#### [Task to carry out]
Print the listing below once more, unchanged.

#### [Information provided]
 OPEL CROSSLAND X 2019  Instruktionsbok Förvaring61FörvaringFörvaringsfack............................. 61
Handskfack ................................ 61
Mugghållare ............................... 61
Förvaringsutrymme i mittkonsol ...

#### [Output of the task]
 OPEL CROSSLAND X 2019  Instruktionsbok Förvaring61FörvaringFörvaringsfack............................. 61
Handskfack ................................ 61
Mugghållare ............................... 61
Förvaringsutrymme i mittkonsol ...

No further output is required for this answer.